#### Data listing
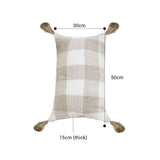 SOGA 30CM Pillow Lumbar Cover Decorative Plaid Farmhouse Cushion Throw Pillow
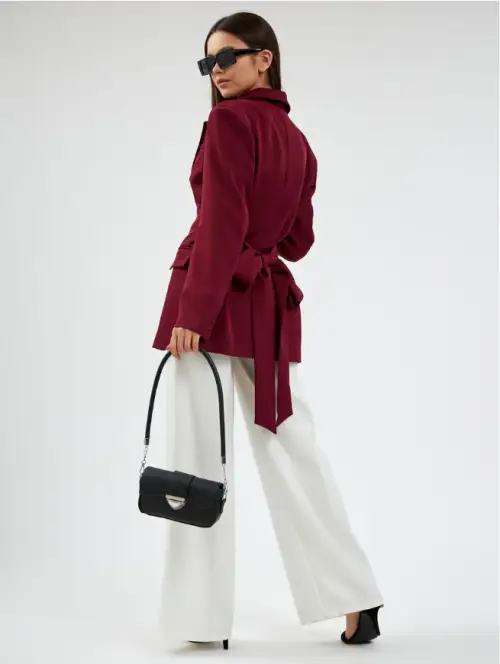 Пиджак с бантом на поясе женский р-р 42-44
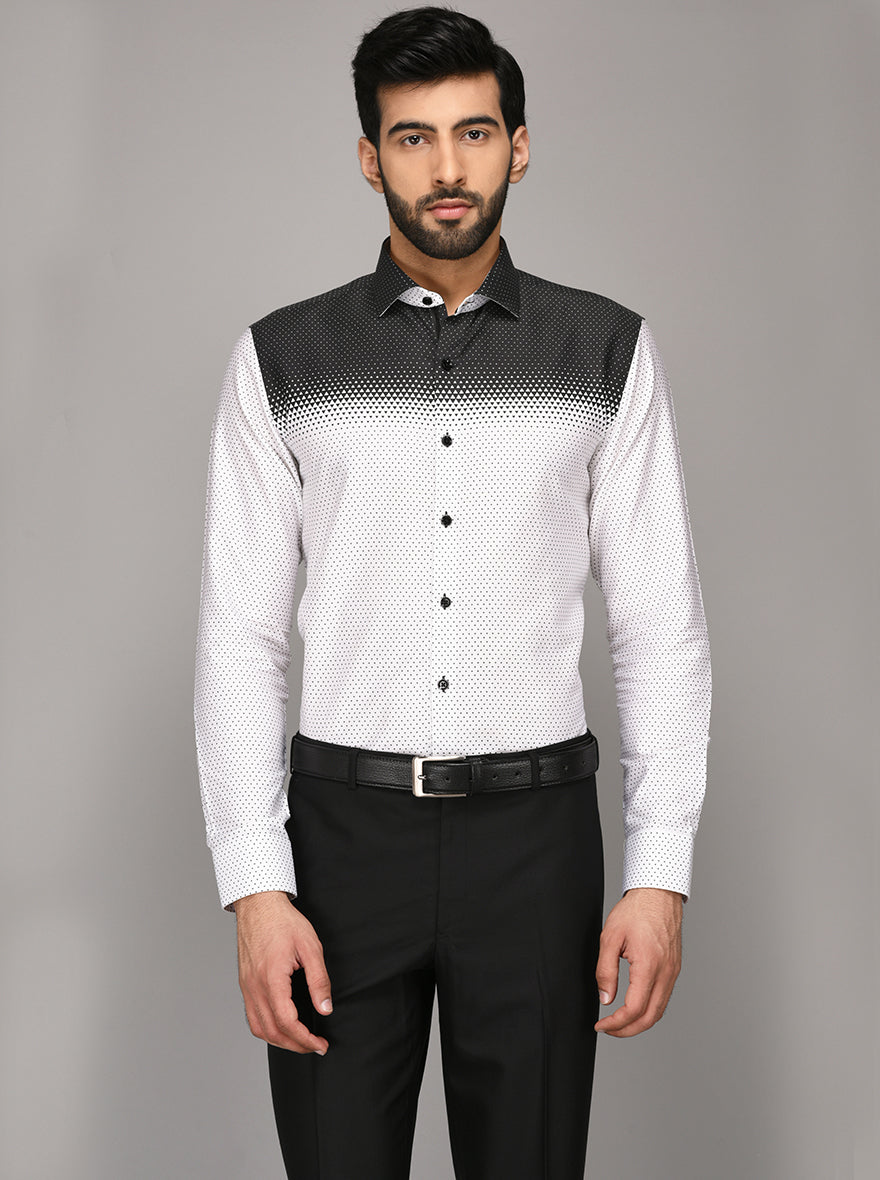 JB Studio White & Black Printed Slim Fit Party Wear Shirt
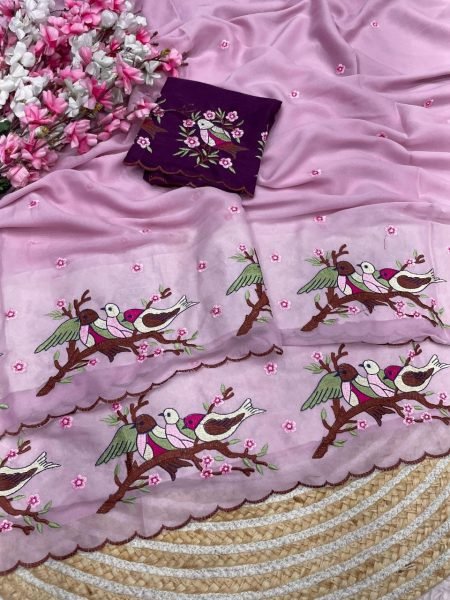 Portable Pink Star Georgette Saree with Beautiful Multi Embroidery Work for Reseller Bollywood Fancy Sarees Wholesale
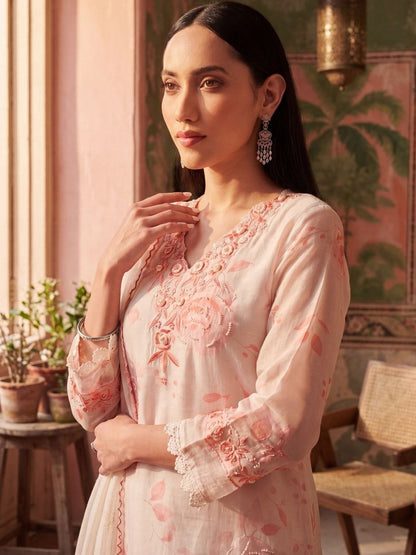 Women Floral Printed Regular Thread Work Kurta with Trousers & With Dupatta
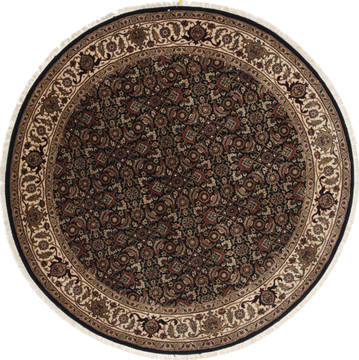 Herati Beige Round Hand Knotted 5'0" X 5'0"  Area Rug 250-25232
########
• [What is expected]: Pictures should be omitted. Please return exactly the lines from the line that holds "Women Floral Printed" through the end of the records.

• [Response to the exercise]:
 Women Floral Printed Regular Thread Work Kurta with Trousers & With Dupatta
 Herati Beige Round Hand Knotted 5'0" X 5'0"  Area Rug 250-25232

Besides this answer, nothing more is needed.